The winner takes it all

 Islam :

« Tu m’a dit que Google n’était pas le premier moteur de recherche, que Facebook n’était pas le premier réseau social. Mais pourtant ce sont des acteurs qui ont réussi à se positionner en numéro 1 »

Wladimir :

« Oui, mais en innovant, ils n’ont pas copié les autres. C’est tous les moteurs de recherche précédent Google qui faisaient la même chose, qui se copiaient.

Google est arrivé en mettant en avant la qualité des pages internet pour sélectionner le contenu présenté à l’utilisateur.

Personne n’a rattrapé Google.

Ils ont une telle avance technologique que si un concurrent voulait faire la même chose, ça lui coûterait beaucoup plus cher. »

Le dilemme d’exploitation/exploration adaptée au web3 : en conclusion

L’expertise de Wladimir Taranoff m’a éclairé quant aux stratégies à mettre en place face à une technologie en cours de développement.
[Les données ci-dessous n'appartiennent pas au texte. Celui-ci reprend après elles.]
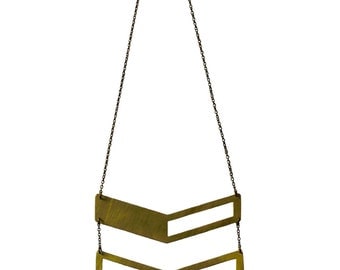 Hayes Necklace - hand sawed geometric necklace
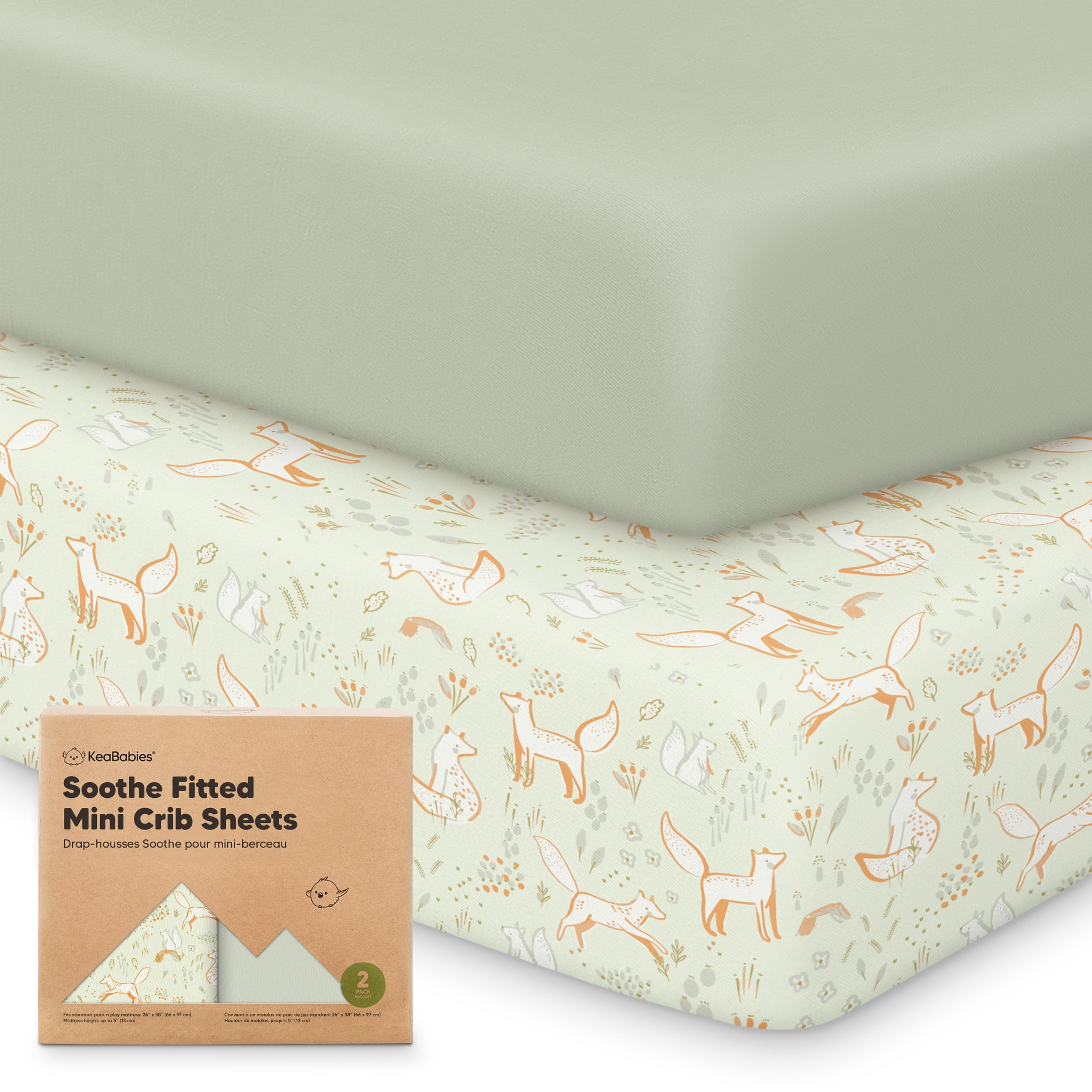 2-Pack Mini Crib Sheets Fitted - 38x26 Pack N Play Sheets for Pack and Play Mattress, Organic Cotton, Soft & Breathable Playard Bedding, Neutral Mini Toddler Bed Cover for Boys, Girls (Foxtrot)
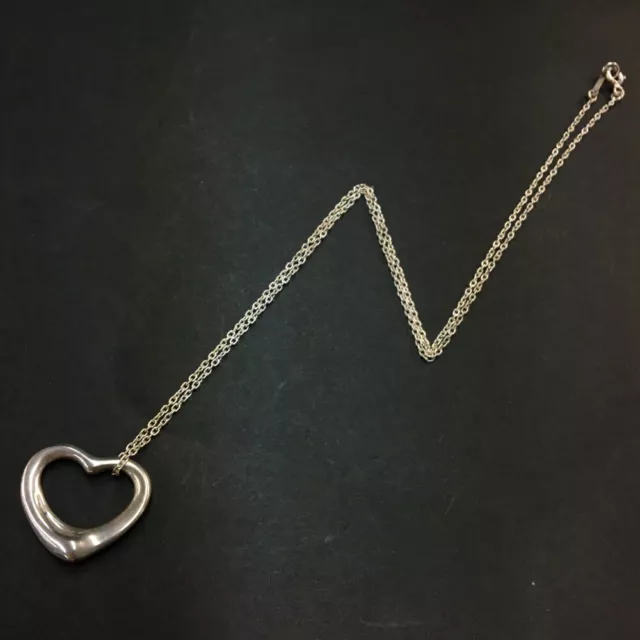 TIFFANY&CO. Silver 925 Elsa Peretti Open Heart Pendant Necklace/4X1239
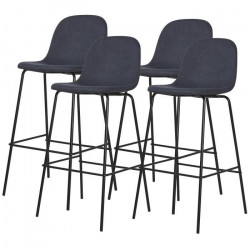 Lot de 4 tabourets de bar - Tissu gris anthracite - L 41 x P 41 x H 75 cm - MORGAN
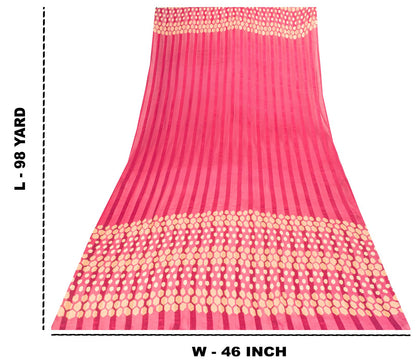 Sanskriti Vintage Pink Georgette Dupatta/Stole Geometric Print-Woven Indian Veil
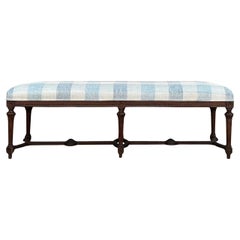 19th-C. French Louis XVI Style Fruitwood Bench / Ottoman In Blue & White Check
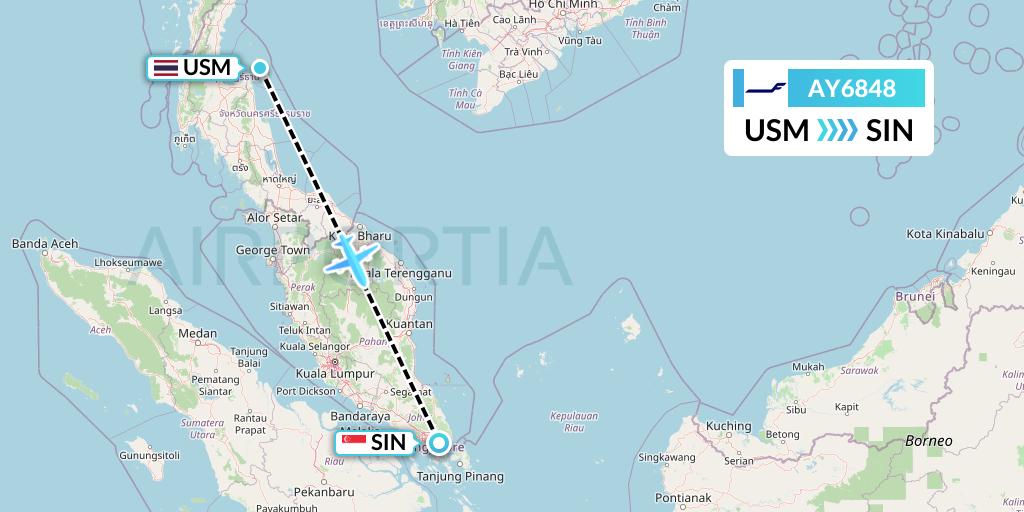 AY6848 Finnair Flight Map: Koh Samui to Singapore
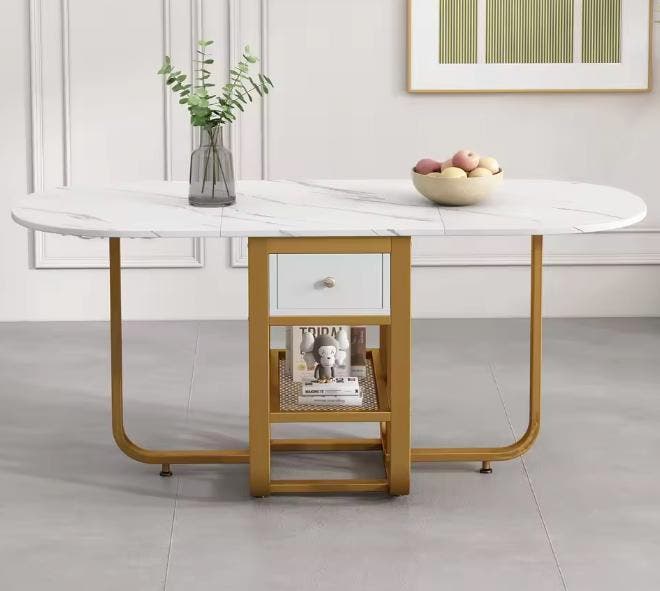Opvouwbare Eettafel met Lade en Gouden Poten – Wit, Huis en Inrichting, Tafels | Eettafels, Nieuw, Verzenden
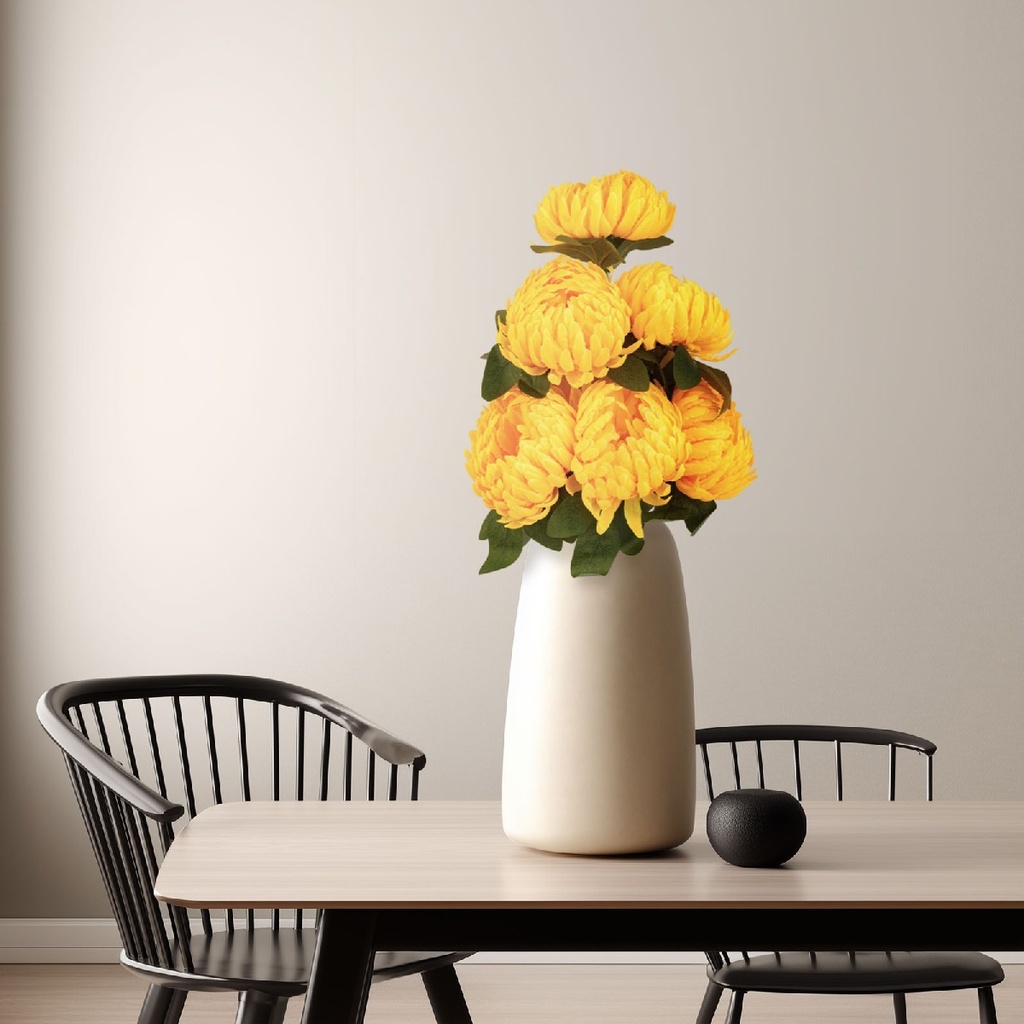 [11912B] Planta artificiala, crizantema galbena, 12x58cm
Se contenter de patienter que de nouveaux cas d’usage fassent leurs apparitions, c’est prendre le risque d’accumuler un retard de développement conséquent, qui se répercute :

  • dans le meilleur des cas, sur les marges de l’entreprises
  • dans le pire, au dépôt de bilan de la société.

 Le marketing digital à comme particularité d’évoluer rapidement, très rapidement.

Il s’avère donc périlleux de sous-estimer le potentiel d’une technologie naissante.

Le dilemme d’exploitation/exploration ne semble pas s’appliquer aux enjeux du web3.